Un Estado de derecho que pone en primer plano los principios democráticos, sin excluir la enérgica persecución de los delitos terroristas, es muy probable que acabe consiguiendo la paz por el desistimiento de los violentos, una vez ganada para la democracia su base social. Pero aunque no lograra ese objetivo, porque ETA continuara en solitario su delirio, el estricto respeto a los derechos humanos, congruente con nuestro sistema democrático, es un fin en sí mismo para el Estado de derecho. De ahí que me sorprenda cada vez que el PSOE se enorgullece de no acercar presos etarras a Euskadi y echa en cara a Aznar que en la tregua de 1998 aproximara 135 presos de ETA al País Vasco. Seguramente Aznar estaba bien asesorado y sabía que, además de una previsión del reglamento penitenciario, acercar presos -no sólo terroristas, por supuesto- a su lugar de residencia responde a un elemental derecho de los reclusos y de sus familiares. El error consiste en valorar esa medida democrática como una cesión.
Uno de los más perniciosos efectos de la acción terrorista es un cierto síndrome de Estocolmo, que induce a quienes la combaten a participar de la irracionalidad, violencia u obcecación de los agentes del terror, lo cual perjudica, por un lado, la conveniente erradicación de la actividad terrorista -más difícil cuando la mente se obnubila- y, por otro, deteriora el ejercicio de la democracia, impracticable desde parámetros de venganza o sinrazón, incompatibles con el auténtico Estado de derecho.

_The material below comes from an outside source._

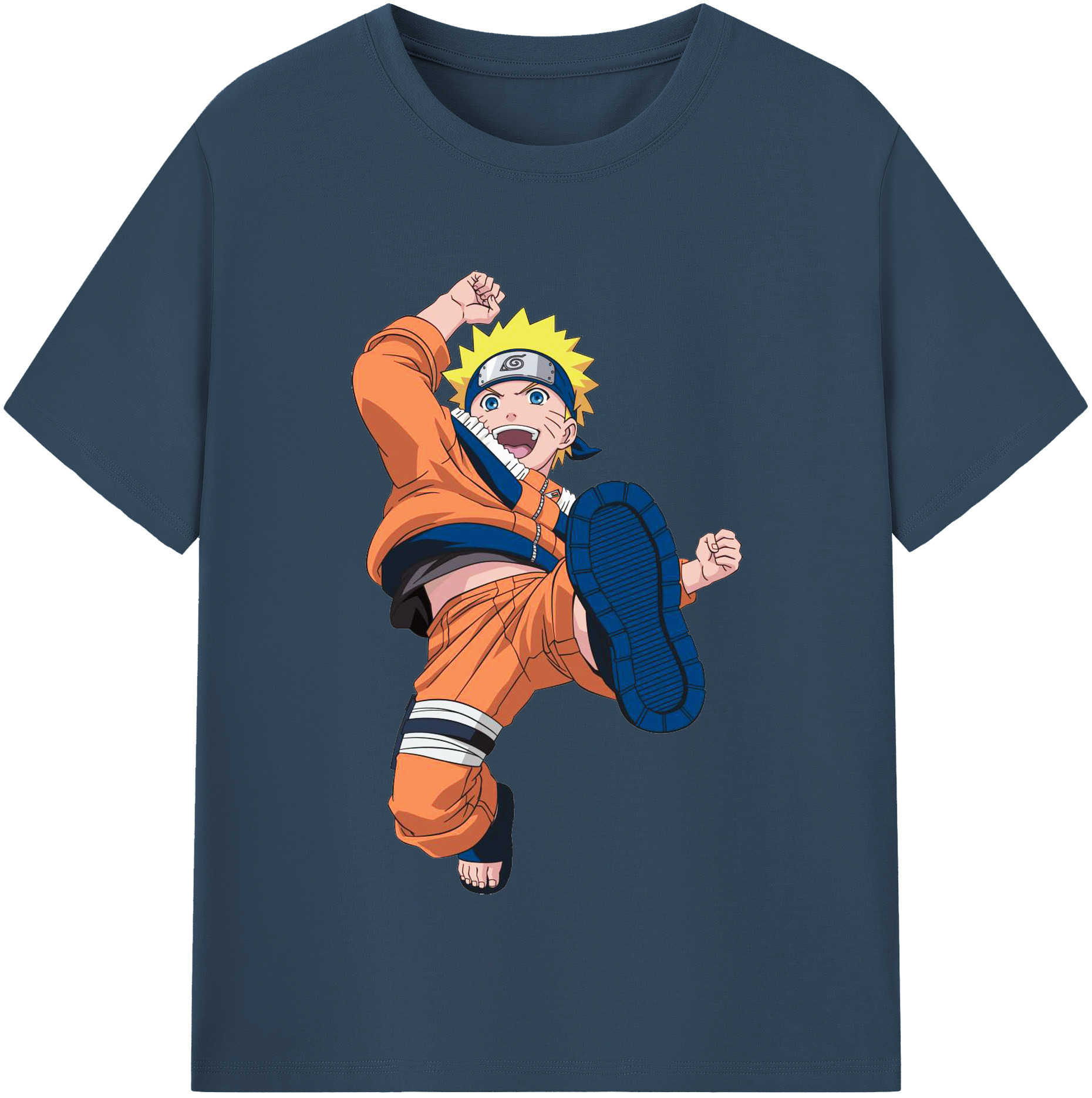 （画像用） NARUTO -ナルト- うずまき ナルト Uzumaki Naruto 綿100％半袖Tシャツ（フロントプリント）
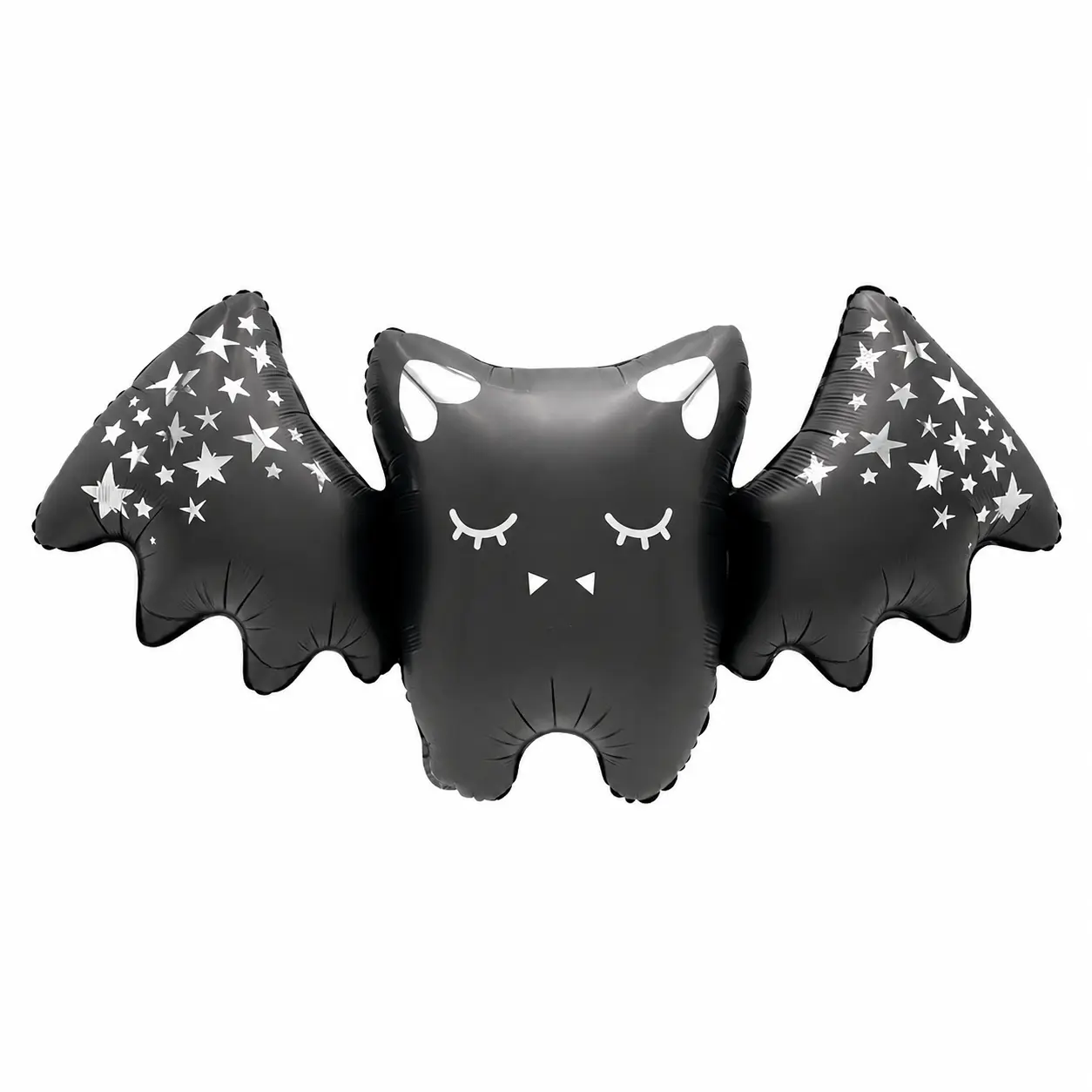 45 x 104CM Halloween Bat Foil Balloon, Large Matte Black Inflatable Bat Decoration with Star Print, Hanging Party Decor for Haunted House, Porch, Doorway and Indoor Display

Acaso quepa atribuir a ese síndrome de Estocolmo el entusiasmo político y mediático producido por la decisión de 12 magistrados frente a cuatro de mantener en prisión provisional al sanguinario etarra Iñaki de Juana Chaos, en peligro de muerte a raíz de su huelga de hambre en protesta por permanecer encarcelado tras haber cumplido todas las condenas firmes por sus múltiples asesinatos terroristas. El presidente del PP, Mariano Rajoy, aseguró haberse llevado "una de las mayores alegrías de los últimos tiempos". Y a la cabeza de columnistas, tertulianos y editorialistas propulsores del Estado de derecho armado, El Mundo, periódico de la derechota -en feliz definición-, valoraba el 26 de enero la decisión como "un triunfo del Estado de derecho".
¿Qué hubieran dicho los entusiastas de la decisión judicial plenaria si hubiera ocurrido al revés: si una decisión de los jueces naturales del caso, contraria a la excarcelación del imputado, hubiera sido modificada por la irrupción oportunista de una tromba de jueces para lograr, con sus votos forzados, la libertad provisional de De Juana?
En cambio, los políticos y los medios que elogian a los jueces cuando deciden como a ellos les agrada, no han podido disimular su frustración cuando el Tribunal Supremo ha revocado la condena impuesta a De Juana por la Audiencia Nacional y cuando, aunque sin absolverle del inexistente delito de "amenazas veladas", ha abierto el camino para que el sanguinario y fanático terrorista salga definitivamente de la cárcel gracias al Estado de derecho democrático, en el que no creen ni él ni sus vengativos enemigos.